CREB, October 2021 - The persistent challenges caused by the pandemic continue to weigh on economic activity. However, the housing market remains resilient. The pace of growth and level of sales have eased from the record highs seen in the second quarter, but with 6,628 sales, this was the best third quarter since 2014. 

Much of the demand growth continues to be driven by the low-lending-rate environment and increased savings among those whose incomes were not impacted by COVID-19 shutdowns. At the same time, supply levels have struggled to keep pace with demand, especially in the second quarter, which likely prevented stronger sales in the spring and supported some of the continued growth in housing demand into the third quarter. 

The number of new listings coming onto the market has increased compared to last year, preventing a larger decline in supply levels. This has helped the housing market shift away from the strong sellers’ market conditions seen in the second quarter and toward more balanced conditions. 

The housing market still favoured the seller in the third quarter, but better supply-demand balances helped take some of the pressure off home prices. In Calgary, the residential benchmark price rose by one per cent over the previous quarter and sits over nine per cent higher than prices recorded in the third quarter of last year. 

Within the city of Calgary, we are seeing undersupplied markets in many of the districts outside of the City Centre, resulting in double-digit price gains. This is driven mostly by the detached and semi-detached sectors, as conditions in the apartment condominium sector are relatively balanced across all districts.

Economic Update

The fourth wave of COVID-19 is causing concerns regarding the economic recovery in the province, but other factors are supporting some optimism for Alberta’s economic outlook. The improvements in both oil and natural gas prices have helped support some recovery in the energy sector. While most of the improvement is driven by production gains rather than investment growth, this shift is supporting some modest gains in employment.

Fuelled by low lending rates, the boost in housing market activity is also contributing to gains in the economy. In addition to the growth in the resale side of the market, there have been significant gains in the new-home sector, where housing starts are up by more than 70 per cent in Calgary alone. This has contributed to employment growth in not only the finance, insurance and real estate sectors, but also the construction industry.

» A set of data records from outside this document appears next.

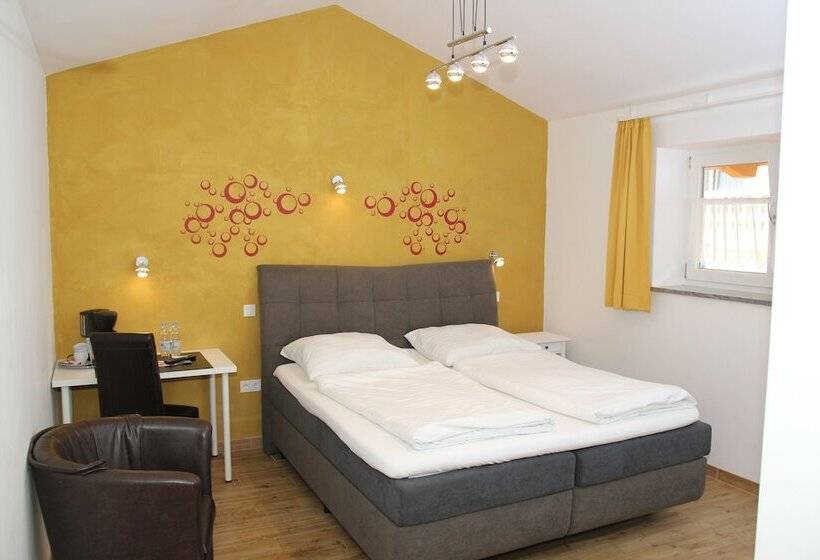 スタンダードルーム, Am Donaubogen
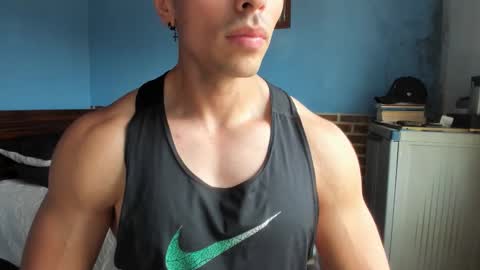 Snapshot of justinkart chatting on February 4, 4:24 pm justinkart online show from February 4, 4:24 pm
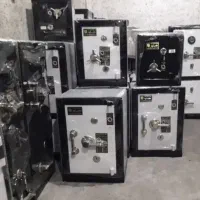 گاوصندوق سفید مشکی درب گنجینه دار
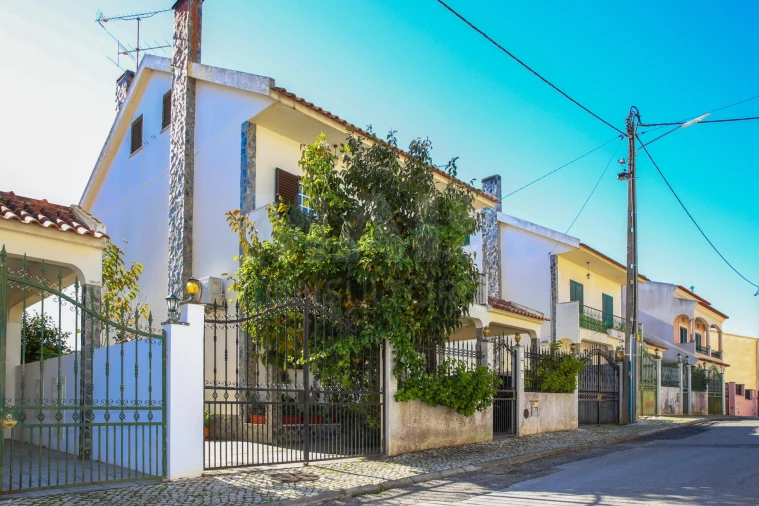 Moradia T3 para Venda em Carregado e Cadafais Foto 8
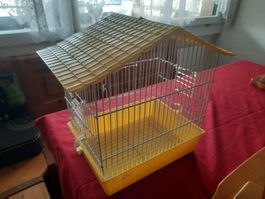 Vogelkäfig gelb mit Dach klein gebrauchter Zustand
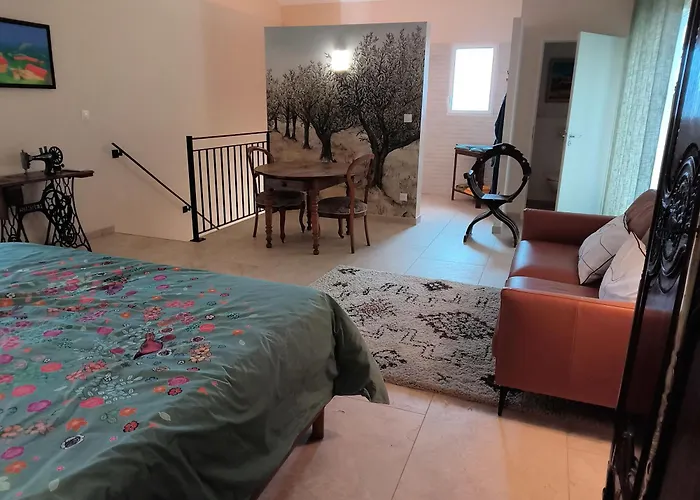 D'hotes A Bed & Breakfast Fontarèches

Some sectors are still reporting employment levels that are lower than before the pandemic, but the city has recorded gains in employment and steady declines in the unemployment rate. Unemployment is still higher than pre-pandemic levels, but conditions today are far better than original expectations.

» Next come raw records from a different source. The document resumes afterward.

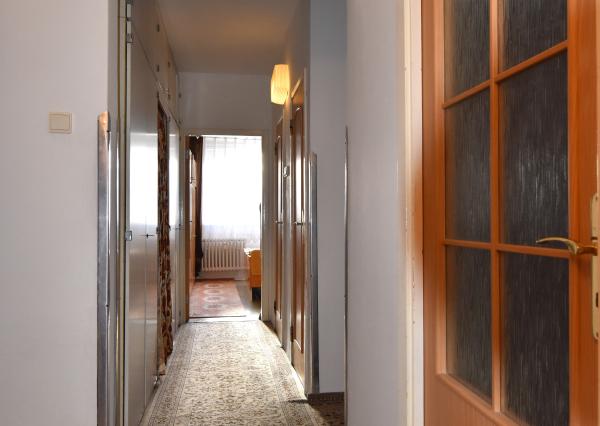 PREDAJ:  3-izbový byt  s Loggiou  Bratislava -  Dúbravka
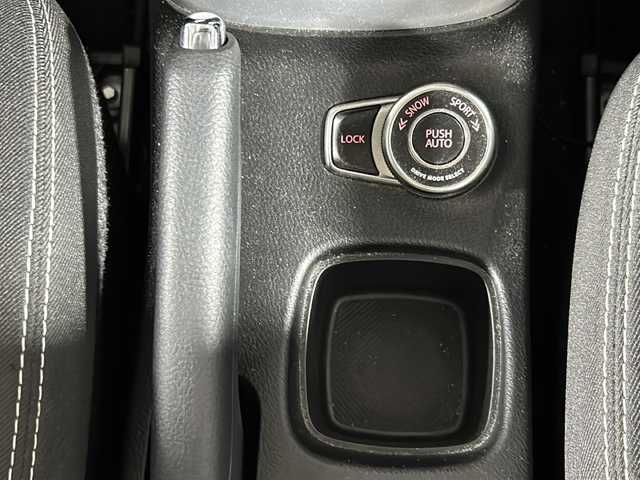 スズキ ＳＸ４ Ｓクロス 沖縄県 2018(平30)年 6.4万km エナジェティックレッドパール 禁煙車　/純正7インチナビ/（ＢＴ，フルセグ，ＣＤ／ＤＶＤ，ＡＭ／ＦＭ）　/４ＷＤ　/クルーズコントロール　/パドルシフト　/コーナーセンサー　/ＥＴＣ　/前後ドライブレコーダー　/オートライト　/ＤＵＡＬエアコン　/前席シートヒーター/ヒーテッドドアミラー　/ルーフレール/純正フロアマット/ドアバイザー/センターデフロック/スペアキー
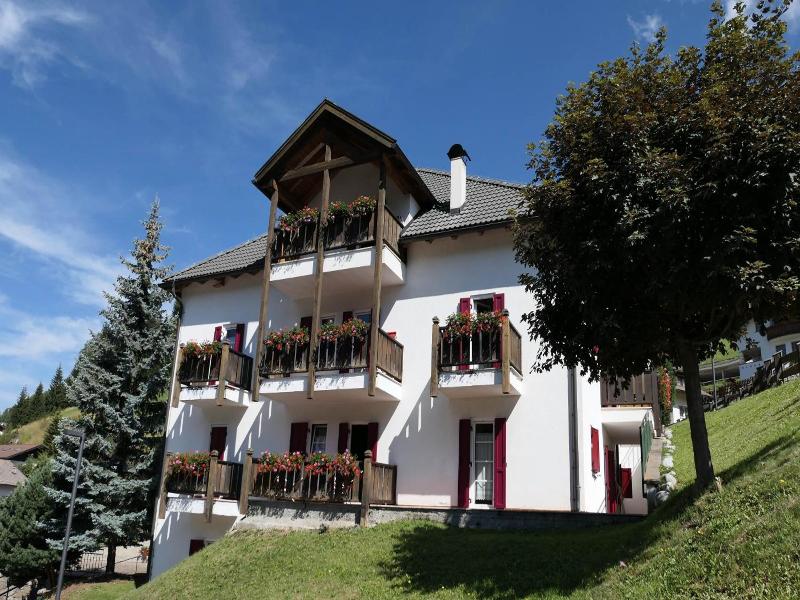 Casa Metz image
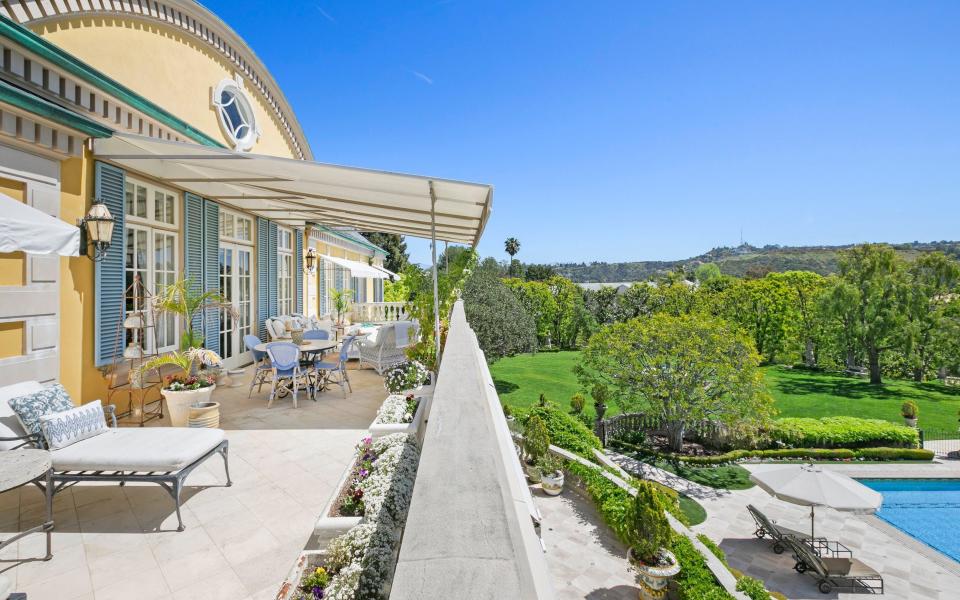 Rod Stewart has put his Los Angeles mansion up for sale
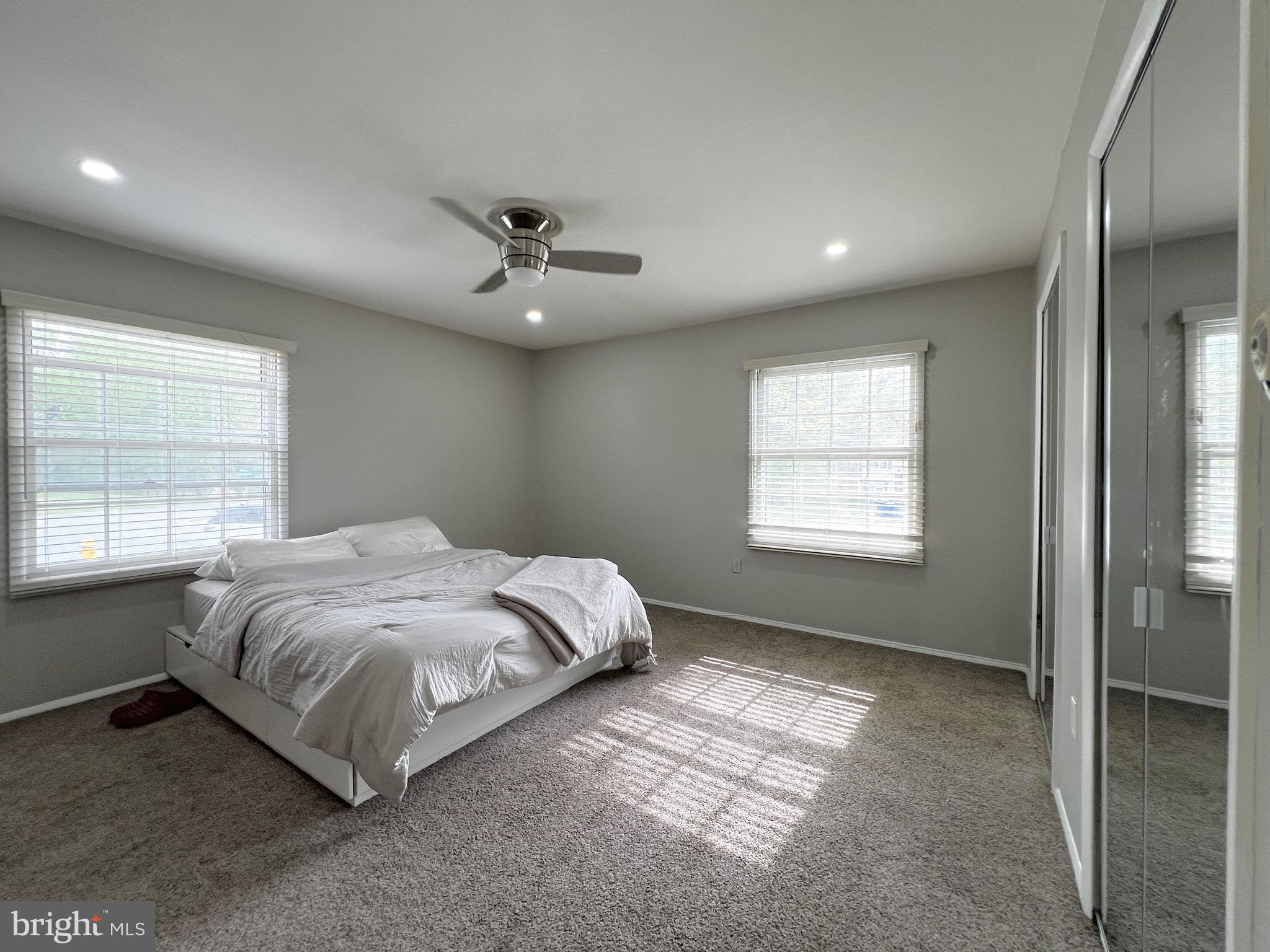 NORTH INDIAN HEAD ESTATES - Residential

While economic conditions are showing signs of improvement, migration and population gains remain relatively weak. In the second quarter, population growth slowed to less than one per cent, thanks to more people leaving the province than moving here. International migration did improve, but it was not enough to offset the declines stemming from interprovincial migration. The majority of people leaving the province went to B.C., followed by Atlantic Canada.

Housing market activity has generally exceeded expectations, driven by low lending rates, increased savings among some buyers and pent-up demand. Some economic challenges still exist, but continued improvements in job prospects should eventually translate into a shift in migration levels, helping to sustain a more balanced housing market.